With his clashing teeth and shaggy jaws 
Hour upon hour he gnaws 
The rumbling, tumbling stones, 
And 'Bones, bones, bones, bones!’ 
The giant sea-dog moans, 
Licking his greasy paws.

The poem begins with the persona comparing the sea to a dog, one that is hungry. This can be seen throughout the entirety of the poem. Here, the persona describes the colour of the sea to the colour of that particular dog- grey. The word ‘big’ here is used to reveal the vastness of the sea, how dangerous it tends to be. The crashing of the waves is compared to how a dog gnashes its jaws, menacingly so. The sound emitted by the sea, lastly, is compared to a dog moaning.

Stanza 2:

And when the night wind roars 
And the moon rocks in the stormy cloud, 
He bounds to his feet and snuffs and sniffs, 
Shaking his wet sides over the cliffs, 
And howls and hollos long and loud.

The comparison continues in this stanza.
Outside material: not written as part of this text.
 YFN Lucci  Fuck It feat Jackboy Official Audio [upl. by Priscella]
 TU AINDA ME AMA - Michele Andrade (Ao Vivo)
During stormy nights, the sea is compared to a dog that shakes off its wetness to show how it too crashes over the cliffs sloppily, making it wet in the process. Again, the howling of the sea is compared to the howling of a dog.

Stanza 3:

But on quiet days in May or June, 
When even the grasses on the dune 
Play no more their reedy tune, 
With his head between his paws 
He lies on the sandy shores, 
So quiet, so quiet, he scarcely snores.

The poem shifts from storms to pleasant weather in the stanza. The month of May and June are referenced to signify calm weather, when even the grass is quiet. Here, the sea is like a content dog, silently laying its head between his paws. No longer is the sea a hungry dog, rather one that is almost blissfully lazy and quiet. 

Conclusion:

This is a poem that is unique in nature for it compares the sea with a dog, a seemingly unrelated term. It thus details on the various moods of the sea, how it can both be raging and calm at different times just like a dog would, making way for an interesting perception.